By Meghan McCarthy
For Amari, it started with forgetting simple things, like whether he paid a monthly bill or getting lost on the way to the post office.
Then, the forgetting became more frequent.
Sure, he discussed it in his yearly physicals. But his doctor never pressed him to make a formal diagnosis of dementia, so Amari never looked for one.

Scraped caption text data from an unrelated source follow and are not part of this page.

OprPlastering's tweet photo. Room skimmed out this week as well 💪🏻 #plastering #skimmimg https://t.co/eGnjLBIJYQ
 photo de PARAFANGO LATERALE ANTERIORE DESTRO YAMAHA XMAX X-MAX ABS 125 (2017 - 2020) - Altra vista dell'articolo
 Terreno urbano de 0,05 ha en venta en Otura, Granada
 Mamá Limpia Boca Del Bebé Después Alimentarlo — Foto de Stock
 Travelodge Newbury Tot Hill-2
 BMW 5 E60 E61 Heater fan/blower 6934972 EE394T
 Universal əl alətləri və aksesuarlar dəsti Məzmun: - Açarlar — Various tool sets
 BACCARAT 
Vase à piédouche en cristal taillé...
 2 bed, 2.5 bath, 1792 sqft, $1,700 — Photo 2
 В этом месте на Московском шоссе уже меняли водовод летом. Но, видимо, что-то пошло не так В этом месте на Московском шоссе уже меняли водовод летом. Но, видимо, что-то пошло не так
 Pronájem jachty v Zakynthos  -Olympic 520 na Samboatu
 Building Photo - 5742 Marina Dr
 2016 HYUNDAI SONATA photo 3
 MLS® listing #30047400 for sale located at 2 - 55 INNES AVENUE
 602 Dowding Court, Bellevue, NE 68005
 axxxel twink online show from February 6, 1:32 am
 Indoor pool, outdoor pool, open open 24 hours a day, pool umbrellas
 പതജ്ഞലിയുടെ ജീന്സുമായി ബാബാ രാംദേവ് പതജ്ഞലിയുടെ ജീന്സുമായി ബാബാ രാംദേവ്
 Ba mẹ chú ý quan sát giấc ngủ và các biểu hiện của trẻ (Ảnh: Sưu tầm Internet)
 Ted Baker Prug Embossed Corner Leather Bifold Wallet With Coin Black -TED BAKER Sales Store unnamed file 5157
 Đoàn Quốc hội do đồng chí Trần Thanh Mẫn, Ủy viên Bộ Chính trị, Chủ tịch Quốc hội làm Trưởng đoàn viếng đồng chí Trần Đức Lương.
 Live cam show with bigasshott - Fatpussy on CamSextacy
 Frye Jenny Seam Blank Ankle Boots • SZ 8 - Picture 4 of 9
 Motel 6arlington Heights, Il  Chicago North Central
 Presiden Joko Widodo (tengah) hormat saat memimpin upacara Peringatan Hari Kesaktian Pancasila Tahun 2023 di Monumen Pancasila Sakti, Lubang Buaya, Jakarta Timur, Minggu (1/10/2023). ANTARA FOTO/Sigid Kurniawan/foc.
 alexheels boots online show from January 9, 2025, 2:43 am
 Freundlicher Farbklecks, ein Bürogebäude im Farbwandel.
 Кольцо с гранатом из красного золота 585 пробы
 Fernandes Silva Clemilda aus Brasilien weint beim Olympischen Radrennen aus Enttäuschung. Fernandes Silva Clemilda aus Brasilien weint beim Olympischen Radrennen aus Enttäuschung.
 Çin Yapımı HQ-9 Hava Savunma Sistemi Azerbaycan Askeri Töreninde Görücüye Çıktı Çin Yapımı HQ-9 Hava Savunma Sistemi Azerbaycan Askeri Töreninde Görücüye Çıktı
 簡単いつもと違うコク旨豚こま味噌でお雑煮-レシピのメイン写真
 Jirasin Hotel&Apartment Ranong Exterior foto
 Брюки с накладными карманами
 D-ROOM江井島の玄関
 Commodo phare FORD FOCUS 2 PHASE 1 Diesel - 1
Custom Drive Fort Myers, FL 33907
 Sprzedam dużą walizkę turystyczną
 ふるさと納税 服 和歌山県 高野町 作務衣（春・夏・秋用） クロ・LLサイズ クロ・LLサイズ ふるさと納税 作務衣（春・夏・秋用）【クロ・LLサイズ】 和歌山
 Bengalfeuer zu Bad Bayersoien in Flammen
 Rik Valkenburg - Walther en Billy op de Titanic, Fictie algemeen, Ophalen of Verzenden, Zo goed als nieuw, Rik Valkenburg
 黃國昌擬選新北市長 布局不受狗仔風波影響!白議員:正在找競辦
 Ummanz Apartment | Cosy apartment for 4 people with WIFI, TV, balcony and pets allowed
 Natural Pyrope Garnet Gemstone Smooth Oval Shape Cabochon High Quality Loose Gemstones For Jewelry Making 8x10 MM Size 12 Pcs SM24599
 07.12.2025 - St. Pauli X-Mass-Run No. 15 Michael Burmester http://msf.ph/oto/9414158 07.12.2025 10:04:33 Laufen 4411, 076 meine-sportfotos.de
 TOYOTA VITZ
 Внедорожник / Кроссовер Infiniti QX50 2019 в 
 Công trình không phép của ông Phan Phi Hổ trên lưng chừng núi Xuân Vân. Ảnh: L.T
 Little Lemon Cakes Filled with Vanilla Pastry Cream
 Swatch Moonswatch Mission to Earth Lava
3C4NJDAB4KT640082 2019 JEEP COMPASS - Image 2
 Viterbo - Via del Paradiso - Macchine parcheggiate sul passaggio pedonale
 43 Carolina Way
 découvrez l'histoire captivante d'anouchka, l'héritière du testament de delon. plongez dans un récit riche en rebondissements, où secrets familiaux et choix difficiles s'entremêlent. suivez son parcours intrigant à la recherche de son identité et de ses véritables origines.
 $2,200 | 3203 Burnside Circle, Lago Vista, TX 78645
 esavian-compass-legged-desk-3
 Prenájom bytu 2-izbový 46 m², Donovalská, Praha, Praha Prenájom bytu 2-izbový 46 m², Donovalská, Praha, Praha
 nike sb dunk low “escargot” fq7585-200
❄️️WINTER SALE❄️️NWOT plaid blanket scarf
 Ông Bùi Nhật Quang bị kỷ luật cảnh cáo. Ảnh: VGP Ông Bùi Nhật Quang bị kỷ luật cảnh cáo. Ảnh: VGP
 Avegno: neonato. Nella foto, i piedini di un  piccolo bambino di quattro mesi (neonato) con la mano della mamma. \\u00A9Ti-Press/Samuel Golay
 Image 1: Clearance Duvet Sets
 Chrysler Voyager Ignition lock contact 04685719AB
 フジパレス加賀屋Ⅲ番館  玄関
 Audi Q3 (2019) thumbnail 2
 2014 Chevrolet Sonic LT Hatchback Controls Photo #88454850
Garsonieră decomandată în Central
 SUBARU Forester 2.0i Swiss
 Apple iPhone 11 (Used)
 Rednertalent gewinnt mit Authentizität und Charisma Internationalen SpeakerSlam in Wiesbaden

Years prior, when he developed knee pain, Amari sought guidance from his doctor and ultimately had a knee replacement. Why were the changes in his brain any different?
Stigma occurs when others hold negative beliefs or attitudes about certain characteristic, which could describe a situation, person, or condition.
In Alzheimer’s disease and related dementias (ADRDs), stigma on the parts of both patients and clinicians is causing underdiagnosis and misdiagnosis of dementia.
In a recently published paper, Kyra O’Brien, MD, assistant professor of neurology at the Perelman School of Medicine and Penn Memory Center (PMC) clinician, highlights numerous factors that lead to underdiagnosis.
Stigma is a major barrier to dementia diagnosis. Stigma was one of the primary factors found.
“No one wants to be told that they’re losing their memory or that they have dementia,” said Dr. O’Brien. “On the flipside, clinicians are often hesitant to provide a diagnosis.”
For patients, stigma impacts actions they take to educate themselves about the disease and seek care. They may not even recognize some of the symptoms of dementia they’re experiencing.
Even when patients are aware of cognitive change, they often fear the consequence of a diagnosis and choose not to seek care. Common fears include being forced into early retirement or having a driver’s license revoked.
As a prominent businessman, Amari certainly didn’t want to face a career change because of memory loss.
So, he hesitated.
As Dr. O’Brien’s paper focused on many factors related to underdiagnosis, the impact of stigma can be further explained by clinical psychologist and Penn researcher, Shana Stites, PsyD, MA, MS, who specializes in studying the role of stigma in ADRD experiences.
Clinicians alike struggle with stigma.
“Clinicians are less likely to disclose a dementia diagnosis because they feel helpless,” said Dr. Stites. “They don’t want to burden an individual with a diagnosis that doesn’t have a disease-modifying treatment.”
As a result, even when clinicians know a patient should receive a diagnosis that attributes their dementia to Alzheimer’s disease, they’ll sometimes modify the diagnosis to a different one.
For example, HIV can cause dementia symptoms. If a patient has HIV and dementia, clinicians may be more likely to attribute their symptoms to HIV-associated dementia as opposed to Alzheimer’s disease because they deem HIV less stigmatizing.
This leads to misdiagnosis.
Other times clinicians simply aren’t knowledgeable enough to make the diagnosis.
“Within our primary care services, we have a tsunami of problems,” said Dr. Stites. “We’re understaffed, overworked, and maybe not educated on every condition and all of its variations.”
In 2019, for example, over 62% of healthcare practitioners around the world still believed that dementia is a normal part of aging.
When both patients and clinicians are hesitant due to stigma, their reservations perpetuate one another.
Perhaps Amari downplayed his symptoms, or seemed in denial of them. If his primary care doctor picked up on this, it’s possible the topic of dementia would never come up.
To combat stigma, patients need to be educated about dementia and typical brain aging.
“Dementia is not normal for a 90-year-old,” said Dr. O’Brien. “Our efforts need to reduce stigma around losing memory and focus on patient education.”
Providers also must strive to cultivate a safe space for patients to open up about changes in their cognition, whether it be memory loss or other symptoms.
“Patients and their family members need to have their experiences normalized and be encouraged by their clinician to live well and seek the care they need as opposed to feeling judged or dismissed,” said Dr. Stites.
To approach this, Dr. Stites has several recommendations for providers, including:
- Personalizing and validating a patient’s experience
- Asking about beliefs, worries, and experiences related to dementia
- Using language with patients that promotes dignity
- Guiding patients and their caregivers to resources that promote self-care
- Encouraging patient involvement in tailored activities, studies, and programs
Amari hesitated because of stigma. His provider hesitated because of stigma.
Although he lived happily through the course of his disease progression, he missed out on valuable resources that could’ve made his life easier.